ROTC aligned well with the graduate program Tahir is in, which is geared toward working professionals. “East Bay has been really wonderful. The department has been very helpful, and very flexible. Students are set up with the resources and personnel needed to succeed.”
Nick Ashmore, a biochemistry major, planned to attend Diablo Valley College and then transfer to Cal State East Bay since graduating high school. “Both schools were nearby and affordable which allowed me to work while I finished my degree,” he said.
Ashmore had long known he wanted to be part of the Army, but only recently set his sights on being an officer.

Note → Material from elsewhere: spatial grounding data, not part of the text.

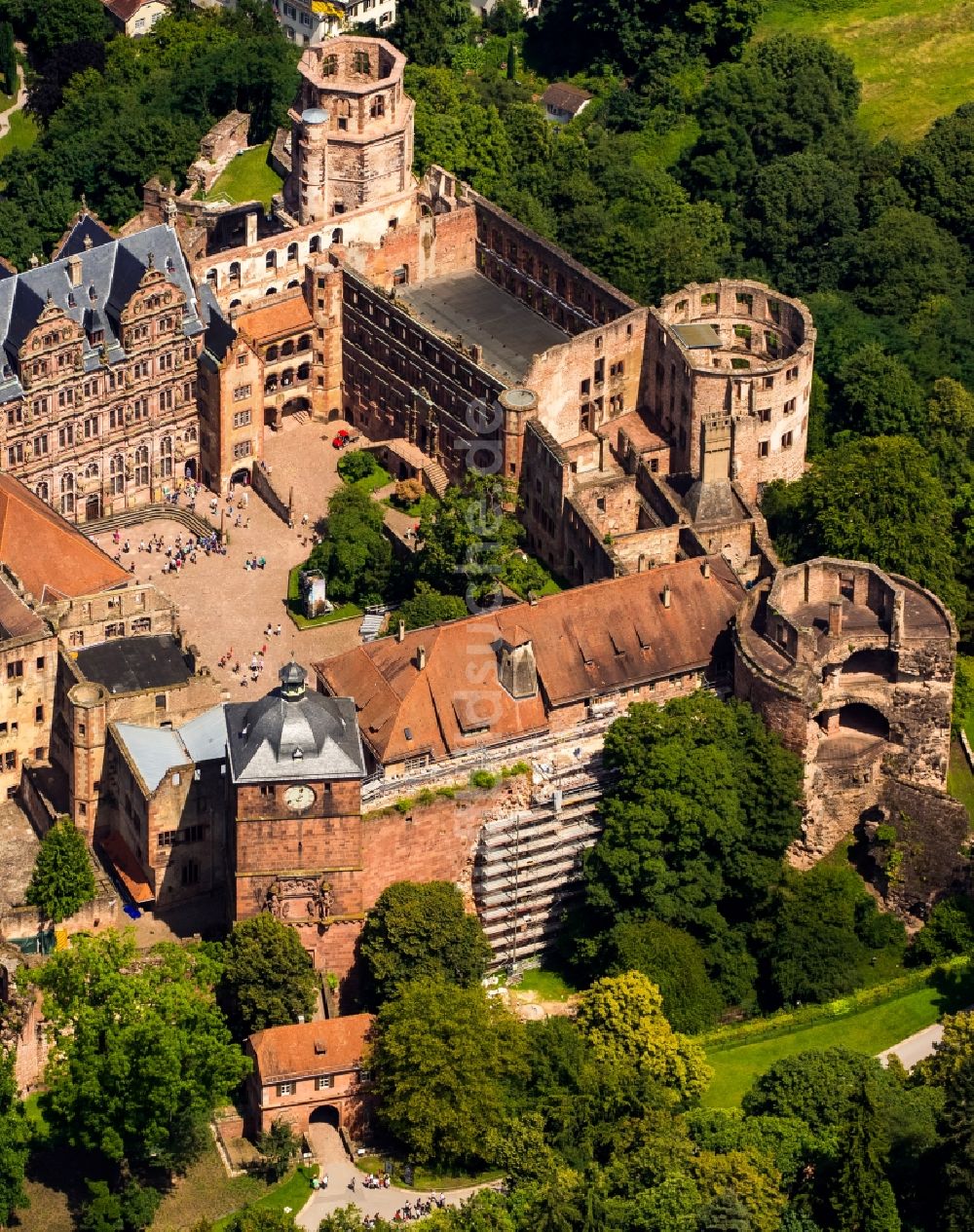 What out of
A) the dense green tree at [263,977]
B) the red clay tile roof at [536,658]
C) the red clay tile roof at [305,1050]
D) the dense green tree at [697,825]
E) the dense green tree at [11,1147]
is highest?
the red clay tile roof at [536,658]

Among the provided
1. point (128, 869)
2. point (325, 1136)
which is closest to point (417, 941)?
point (325, 1136)

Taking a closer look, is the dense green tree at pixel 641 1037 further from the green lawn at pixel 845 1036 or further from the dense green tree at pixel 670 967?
the green lawn at pixel 845 1036

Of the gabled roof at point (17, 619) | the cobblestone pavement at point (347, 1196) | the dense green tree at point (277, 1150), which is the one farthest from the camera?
the gabled roof at point (17, 619)

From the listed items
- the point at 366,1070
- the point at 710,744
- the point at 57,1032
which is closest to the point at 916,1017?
the point at 710,744

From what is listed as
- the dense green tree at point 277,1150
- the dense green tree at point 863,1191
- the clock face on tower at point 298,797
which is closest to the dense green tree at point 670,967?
the dense green tree at point 863,1191

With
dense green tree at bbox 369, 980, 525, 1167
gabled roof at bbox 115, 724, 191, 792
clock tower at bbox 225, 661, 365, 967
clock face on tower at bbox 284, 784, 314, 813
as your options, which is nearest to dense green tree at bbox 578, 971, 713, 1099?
dense green tree at bbox 369, 980, 525, 1167

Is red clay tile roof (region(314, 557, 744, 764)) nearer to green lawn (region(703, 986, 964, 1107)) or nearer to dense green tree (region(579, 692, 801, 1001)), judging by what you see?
dense green tree (region(579, 692, 801, 1001)) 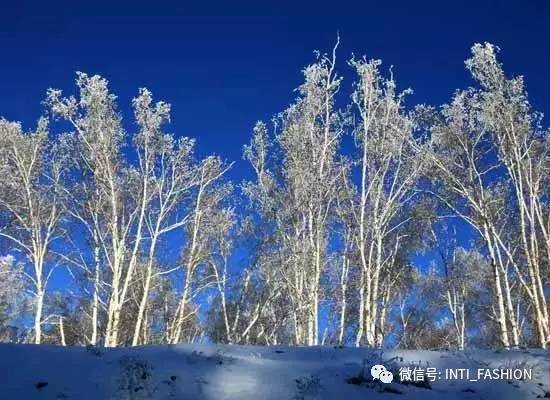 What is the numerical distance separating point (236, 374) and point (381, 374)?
1835 millimetres

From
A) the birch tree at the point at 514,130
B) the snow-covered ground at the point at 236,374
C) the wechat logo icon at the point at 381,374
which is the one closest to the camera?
the snow-covered ground at the point at 236,374

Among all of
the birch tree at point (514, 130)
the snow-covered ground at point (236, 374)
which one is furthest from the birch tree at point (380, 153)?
the snow-covered ground at point (236, 374)

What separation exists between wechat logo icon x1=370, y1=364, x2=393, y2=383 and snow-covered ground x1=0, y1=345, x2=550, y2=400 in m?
0.08

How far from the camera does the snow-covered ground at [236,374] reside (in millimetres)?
5840

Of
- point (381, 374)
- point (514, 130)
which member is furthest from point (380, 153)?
point (381, 374)

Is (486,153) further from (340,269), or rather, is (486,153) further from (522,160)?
(340,269)

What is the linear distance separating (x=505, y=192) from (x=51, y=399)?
1922cm

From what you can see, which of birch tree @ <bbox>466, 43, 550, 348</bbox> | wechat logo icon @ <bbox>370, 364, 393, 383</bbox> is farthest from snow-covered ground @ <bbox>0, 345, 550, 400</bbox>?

He was already attending Diablo Valley College when he set his goal of becoming an officer, so joining ROTC just made sense for his long-term plans.
Ashmore has also built invaluable leadership skills in the program. “Since joining ROTC, I've learned more about what it means to be an officer and more importantly a leader — that everywhere you go from the moment you commission as an officer you are expected to carry yourself as a leader; to take care of those below you and uphold a higher standard than everyone else,” he said.
Ashmore hopes to serve as an Explosive Ordnance Disposal Officer in the Army and eventually teach high school history after leaving the military.